This dish was delicious. As I generally have tomato sauce on hand and not tomato juice, I will make it again as directed. But, it was great even with my needed substitutions.
This is so delicious that I’m planning dinners based on what goes well with this rice!!! I’ve been using enchilada sauce in place of tomato sauce just because I always have it on hand. My favorite thing to make with the leftovers is breakfast burritos. Put a little butter on a frying pan and add a scoop of rice. Cook some scrambled eggs, add some shredded cheese, and wrap it in a tortilla!
Thank you! We love it too! And I LOVE the enchilada sauce idea!
This is the best Mexican rice recipe. Reminds me of the Baja style I used to get in Southern California. I cannot find good Mexican rice in North Carolina. It always has too much tomato and tastes more like Spanish rice. I made this recipe and WOW!!! Soooo Good! It’s perfect. Thank you so much for sharing this recipe. I will be using it for years to come. (Lord willing and the creek don’t rise as they say out here)
Blessings to you!!
Wow! This Mexican Rice recipe is exactly what I have been looking for. It was just perfect in every way! I have pinned it and will return again and again to it. Thank you so much!
Can you use minute rice?
This is hands down the best Mexican rice recipe I’ve come across-and I’ve been trying different ones for years! Most are too tomato-y or don’t have enough flavor, but this one is PERFECT. Just like at my favorite Mexican restaurants!
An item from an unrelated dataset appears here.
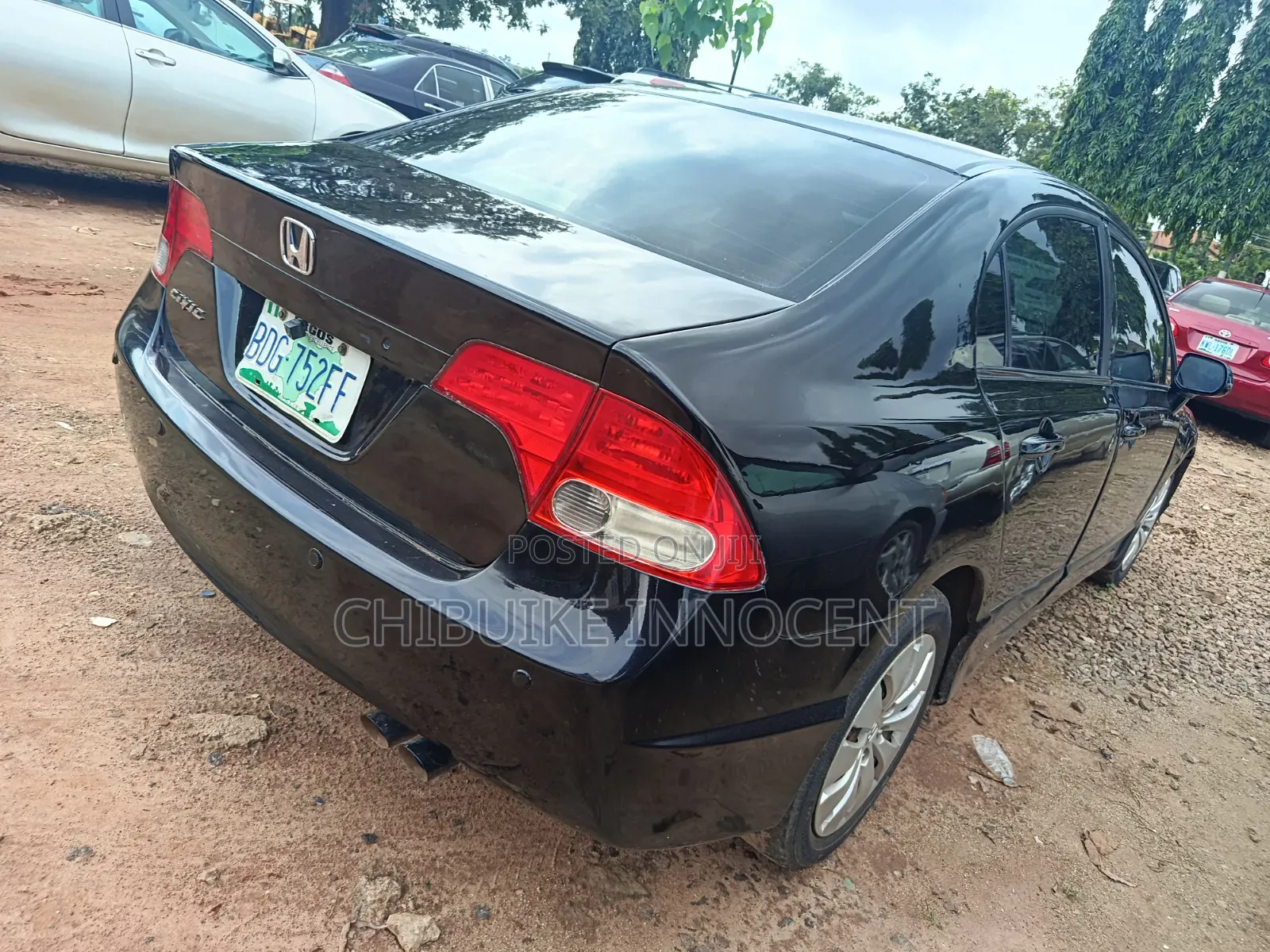 Honda Civic 2008 Black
I made this tonight. It came out perfect! So yummy and just like when we eat out. Thank you for a great add to our dinnertime routine.
Excellent recipe! I had 4 people over for dinner and everybody raved about this rice. Thanks for sharing!
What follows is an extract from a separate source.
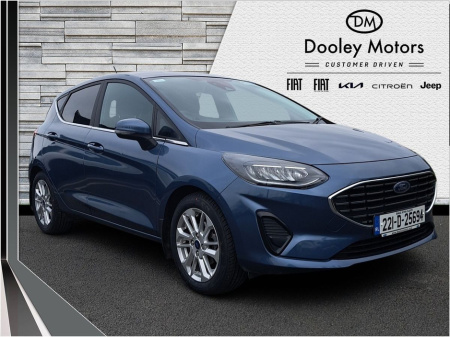 2022 Ford Fiesta 1.0T EcoBoost 100PS Titanium €19,950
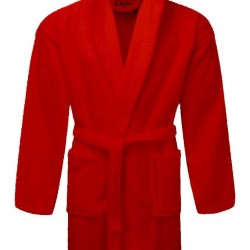 ΜΠΟΥΡΝΟΥΖΙ ΚΟΜΒΟΣ ΠΕΤΣΕΤΕ ΜΕ ΚΟΥΚΟΥΛΑ 420GR/M2  RED LARGE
I am trying to find a recipe for making Papas and Beer rice. These restaurants are in the Western part of the state and now in SC I live in NC and it is the best rice I’ve ever had by far. Very simple, limited ingredients.
I’ve lived in Texas my entire life and have never tasted Mexican style rice this good. My husband would seriously eat this every night. If I modify the recipe at all, I’ve added scallions when I’m out of cilantro. It’s on the menu tonight with the enchiladas. 🙂
I worked in the kitchen at Don Pablo’s Mexican restaurant in the early 00’s and I gotta say, you are NOT far off from our recipe at all. This is the closest recipe to what I remember on the whole internet. The main differences I see are that we cooked ours in a large tilt-skillet, not pans, and we also used ZERO tomato. We did brown the rice in some butter just like you did, and Don Pablos rice had onion, chicken stock, and green chiles (diced) along with the “spice mix” which is basically like you said, mostly cumin, paprika, garlic powder, salt and a dash of chili powder. OF course in a big chain restaurant like that, it came in bags that said “rice spice mix” but you have all the components here. So yeah, remove the tomato sauce and add green chilis instead and you have DP’s rice. Good recipe and I cannot wait to try yours.
The ABSOLUTE BEST!!!
Love love love this recipe. So simple with huge flavor. I sub vegan “not chicken” stock and it’s perfect. Makes a great burrito filler too.
I used my Instant Pot to make this rice. I reduced the Chicken broth to 1 cup. Cooked on high pressure for 3 minutes w/ natural release. It came out amazing !!
Our family favorite Spanish Rice! Thanks!
Do I use long grain rice or minute rice?